Provided information
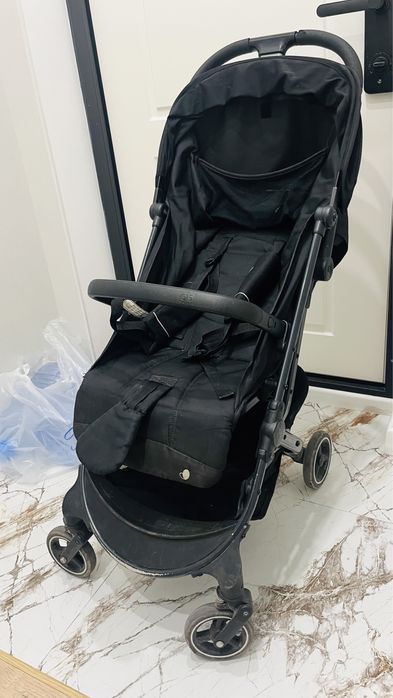 Десткая коляска компактный удобный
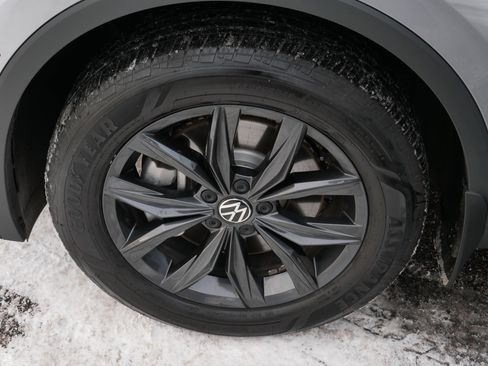 Certified 2024 Volkswagen Tiguan SE image 15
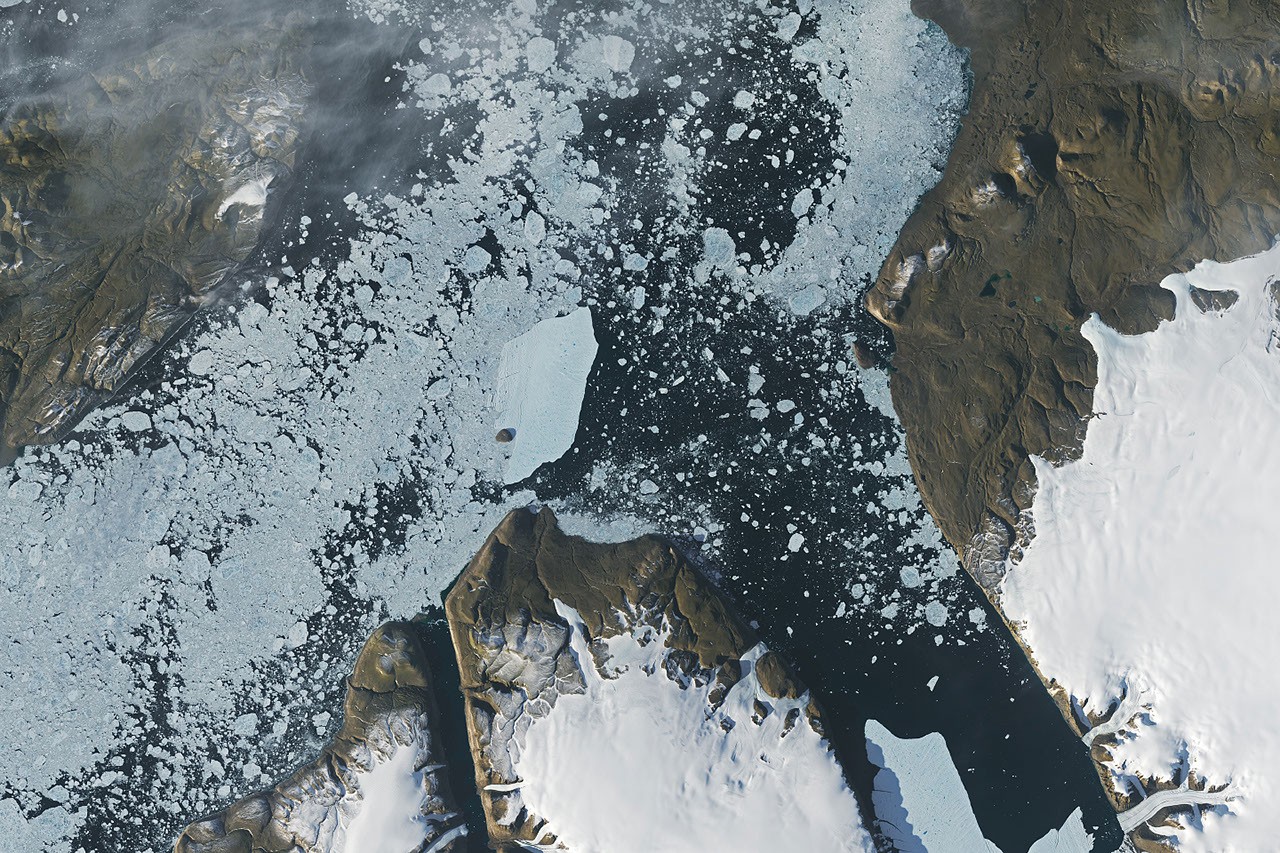 Ice Island Survives Run-In With Joe Island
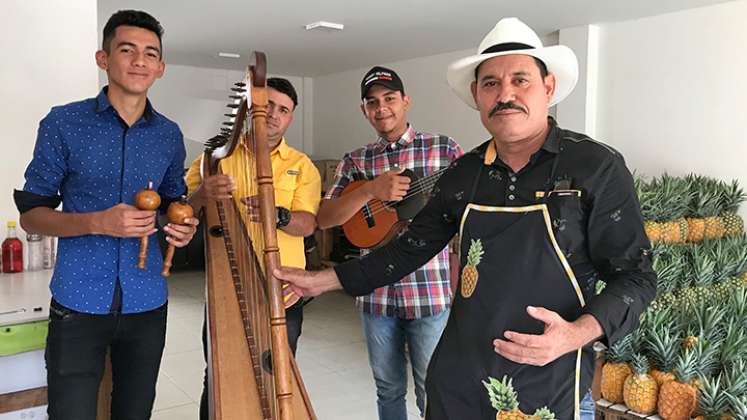 Jairo García, cantante, tallador y decorador con frutas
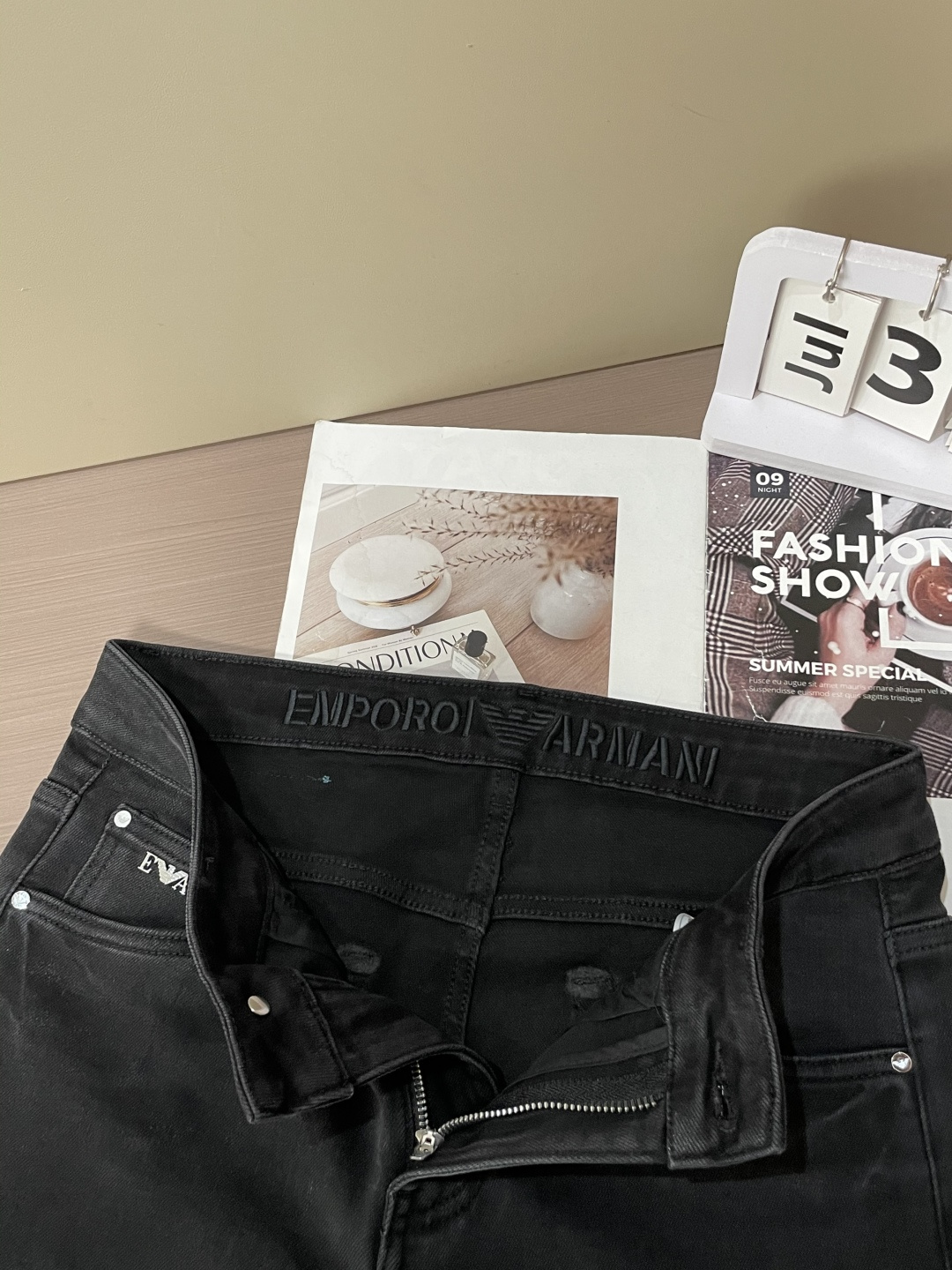 
阿玛尼
专柜最新同款牛仔裤 面料版型做工绝绝子
好穿不挑身材在搭配上没有太多的限制 随意简洁的衬托其他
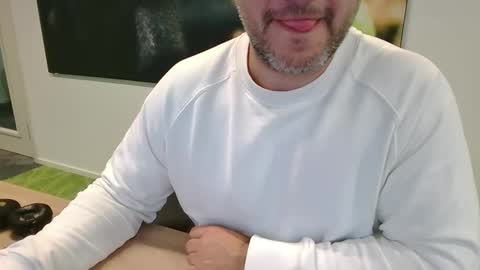 Snapshot of morepassion4u chatting on 09/12/25, 01:55 morepassion4u online show from 09/12/25, 01:55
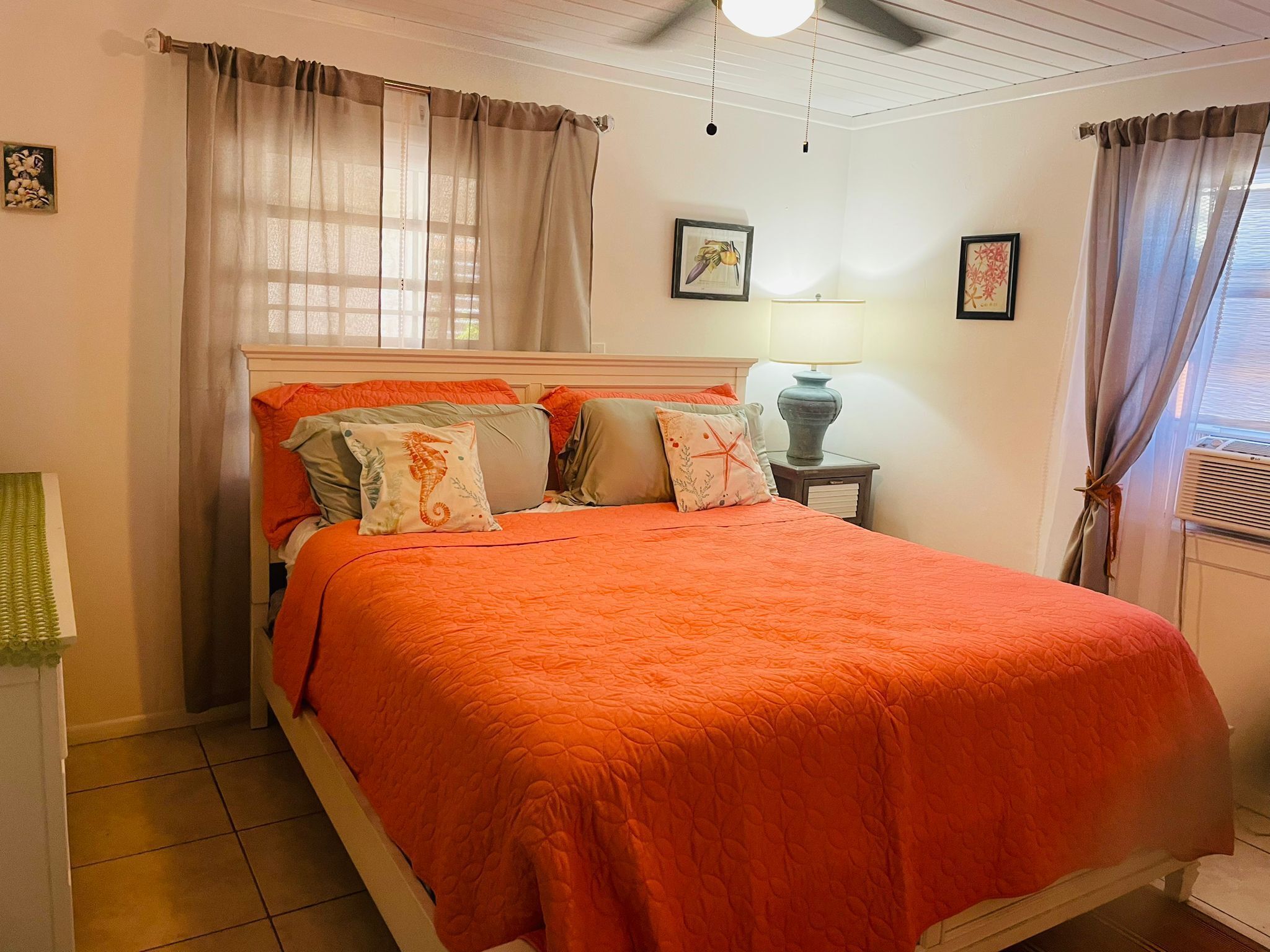 3 chambres, fer et planche à repasser, Wi-Fi, draps fournis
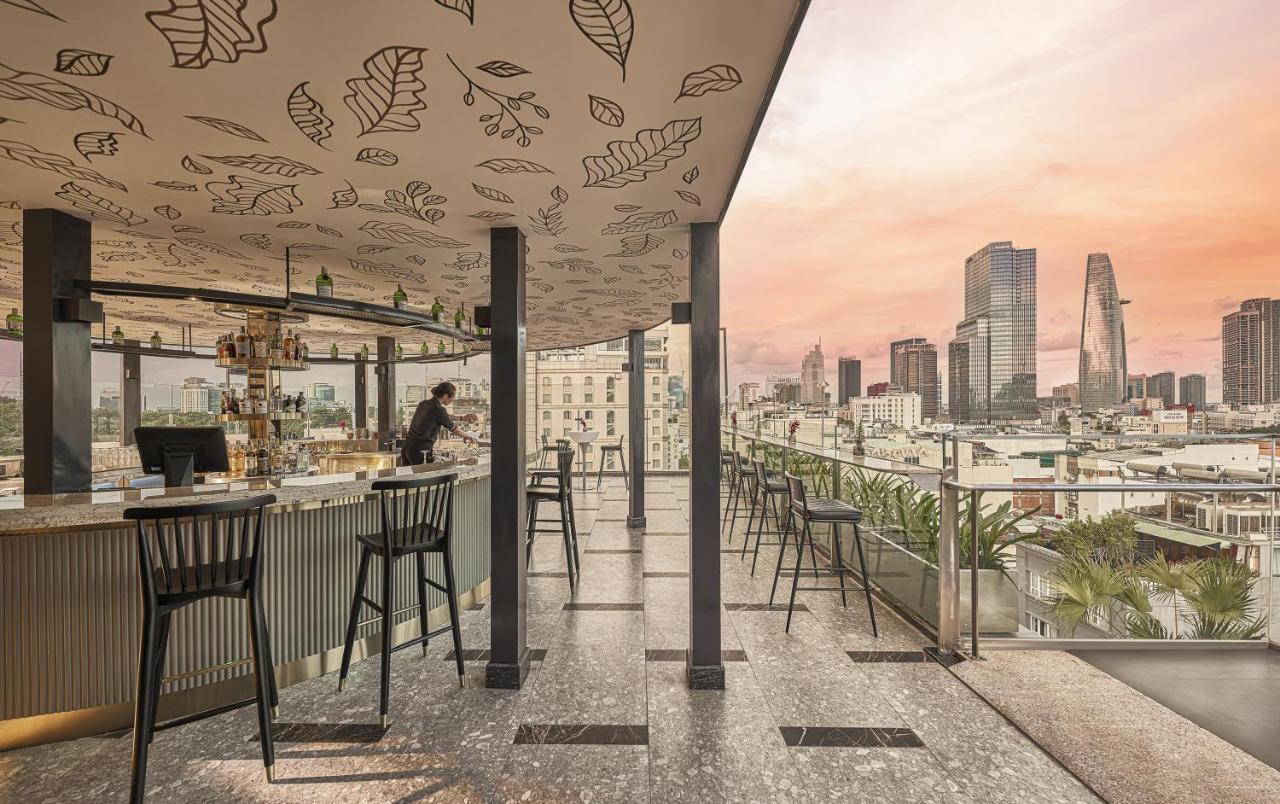 Hotel La Siesta Premium Saigon Ho-Chi-Minh-Stadt Exterior foto The rooftop bar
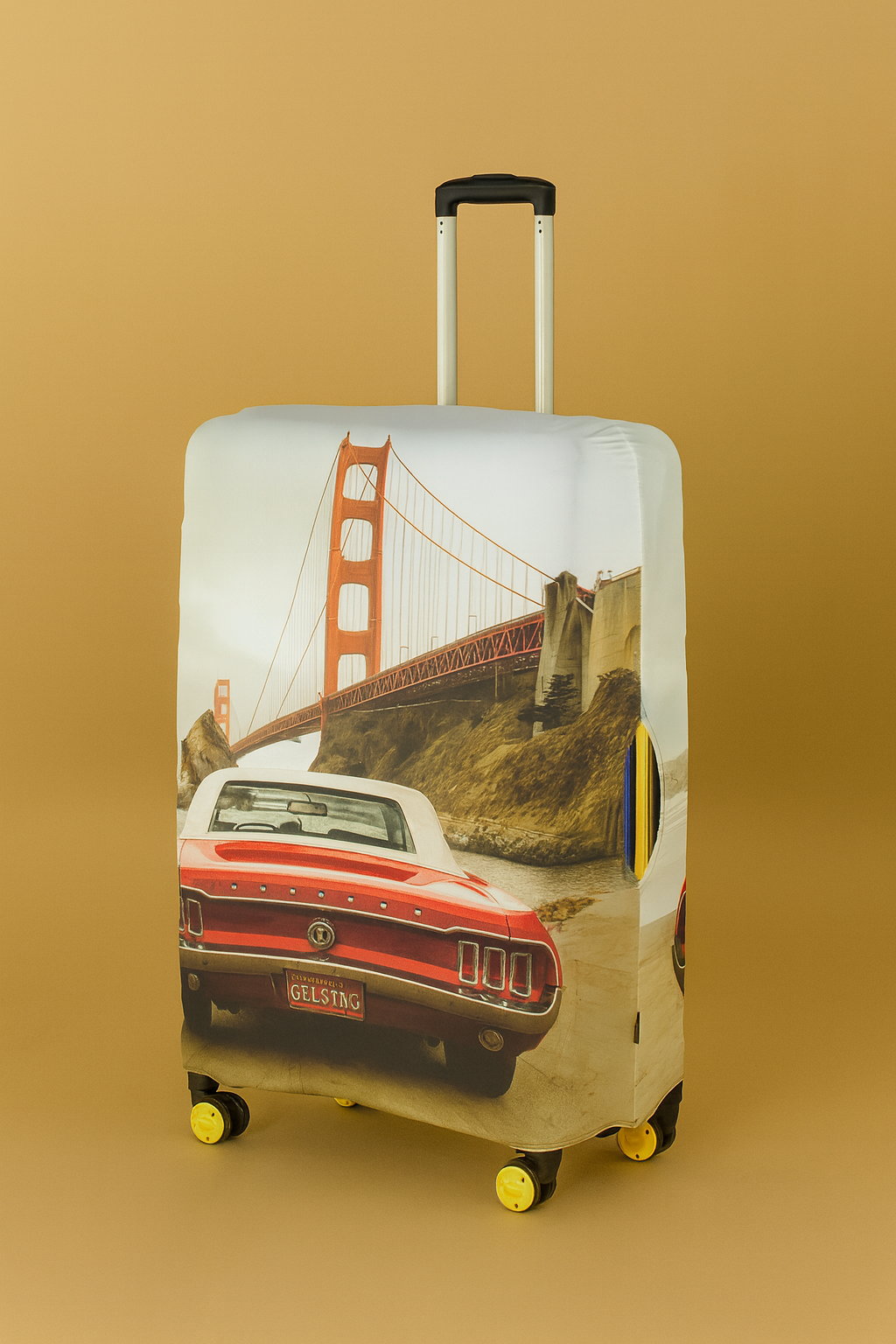 Valiz Kılıfı – Golden Gate Köprüsü ve Retro Kırmızı Mustang Desenli Koruyucu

Instructions for the task
Pictures do not belong in the copy. Please reproduce the entries above exactly otherwise.

Solution to the exercise
 Десткая коляска компактный удобный
 Certified 2024 Volkswagen Tiguan SE image 15
 Ice Island Survives Run-In With Joe Island
 Jairo García, cantante, tallador y decorador con frutas
阿玛尼
专柜最新同款牛仔裤 面料版型做工绝绝子
好穿不挑身材在搭配上没有太多的限制 随意简洁的衬托其他
 Snapshot of morepassion4u chatting on 09/12/25, 01:55 morepassion4u online show from 09/12/25, 01:55
 3 chambres, fer et planche à repasser, Wi-Fi, draps fournis
 Hotel La Siesta Premium Saigon Ho-Chi-Minh-Stadt Exterior foto The rooftop bar
 Valiz Kılıfı – Golden Gate Köprüsü ve Retro Kırmızı Mustang Desenli Koruyucu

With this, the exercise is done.